Paper ID: | 953 |
---|---|

Title: | Variational Inference in Mixed Probabilistic Submodular Models |

The paper studies the problem of performing variational inference in probabilistic models with both log-submodular and log-supermodular potentials. In a log-submodular (resp. log-supermodular) model, the probability of a set A is proportional to exp(F(A)) (resp. exp(-F(A))), where F is a submodular function. Both log-submodular and log-supermodular models have been studied and inference algorithms have been proposed for each of them individually. The current paper studies the more general setting where the probability of a set A is proportional to exp(F(A) - G(A)), where F and G are submodular. This is a very general setting, since any set function can be expressed as the difference of two submodular functions. By combining insights from previous work, the paper gives an approach for performing variational inference for these models under assumptions on F, and in particular that F belongs to the class of M^#-concave functions for which the recent work [12] has established certain useful properties.

The setting considered is very general and thus from a theoretical point of view it is very difficult to provide a principled approach. In order to make progress, the paper makes certain assumptions on the functions, and in particular it considers the case when the function F is M^#-concave. The authors motivate this assumption by providing supporting examples and some experiments showing that the proposed approach is beneficial.
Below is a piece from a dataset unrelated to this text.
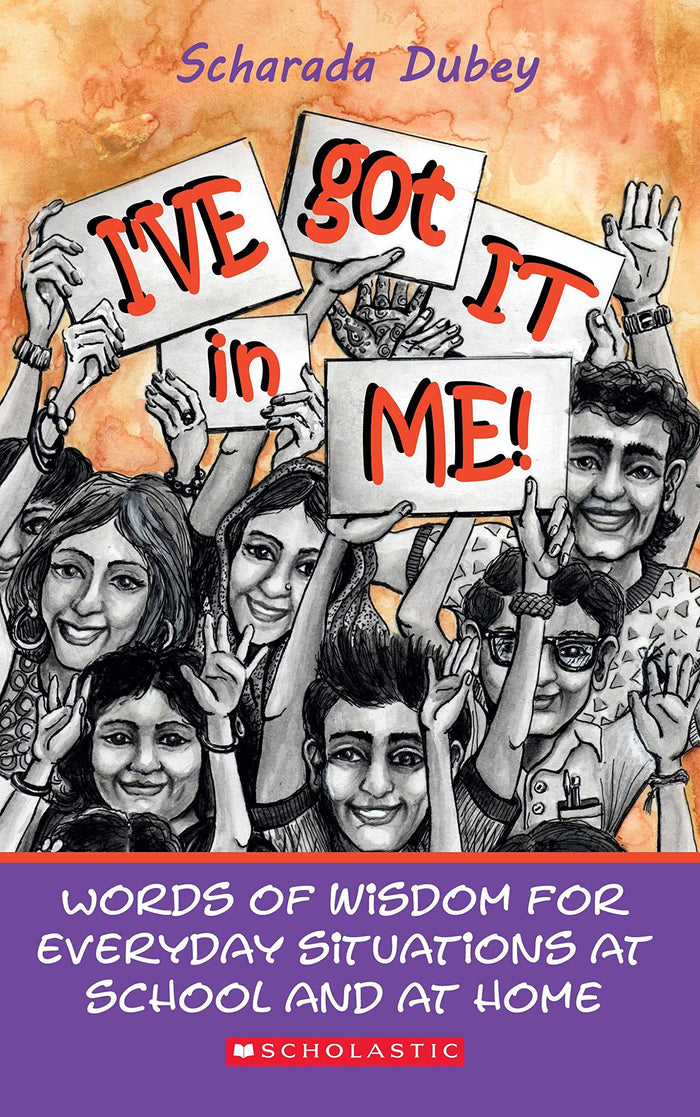 I'Ve Got It In Me by Scharada Dubey - Paperback cover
On a technical level, the variational inference approach does not seem provide any novel conceptual contributions, and the main technical ideas come from the previous work. The experiments show that the approach may have some impact, but the conceptual contributions do not seem to be very clear. The clarity of the presentation could be improved. In particular, in the main Section 3 describing the variational approach, it may be helpful to have explicit theorem statement stating all the assumptions made upfront, instead of gradually revealing assumptions/approximations in the text. == post-rebuttal answer== I have read the entire rebuttal.

2-Confident (read it all; understood it all reasonably well)

In this work, the authors extended the work of Djolonga and Krause to the case of mixed log-submodular and log-supermodular probability distributions. The paper is well written, gives proper references and presents an innovative idea. Overall, I appreciate the paper and would like to discuss with the authors. The approach is quite straightforward and might have a limited impact, but I think it is worth publishing it at NIPS as this extends considerably the types of models that can be handled using Djolonga and Krause idea.

The introduction and explanation of Variational Inference in PSM is very good. I did not know about it and could understand the whole paper easily. The work might be seen as incremental: the idea of bounding F(A) - G(A) by m(A) + t is exactly the same as Djolonga and Krause. The technical details are well explained and might be enough for a publication at NIPS. In the experiments, the explanation about why optimizing the NCE is submodular would have been welcome. The evaluation has been made directly on the final task, I'm not sure how much the method is an approximation of the exact marginals. I would have been welcome to understand in which case the approximation due to the bound is much worse than the exact evaluation of the partition function or a sampled approximation of it (e.g. using importance sampling or MCMC).

1-Less confident (might not have understood significant parts)

In this paper, the authors develop a variational inference framework for discrete probabilistic models, where the density is given as the exponent of the difference of two submodular functions. They provide a theoretical guarantee for their formulation and develop an optimization procedure based on a block coordinate descent. They empirically evaluate the proposed algorithms with one real-world dataset (popular benchmark data for DPPs).

I think this paper is an interesting extension of probabilistic submodular models. The model can express any discrete density, which, of course, means that either of existing important log-submodular or log-supermodular model such as determinantal point processes (DPPs) and binary Markov random fields are also included. Although each element for the development of the framework is not necessarily new (or it looks a collection of existing results), this paper would be the first one that discusses a variational inference for the mixed model. By the way, since the optimization problem (6) is still a computationally difficult one, I wonder how good a solution by the block coordinate descent approach empirically is. Or, how sensitive a solution is depending on the choice of initials etc. These questions could be clear somehow by performing empirical investigation (with, maybe, synthetic data) although, unfortunately, the current paper does not include such results.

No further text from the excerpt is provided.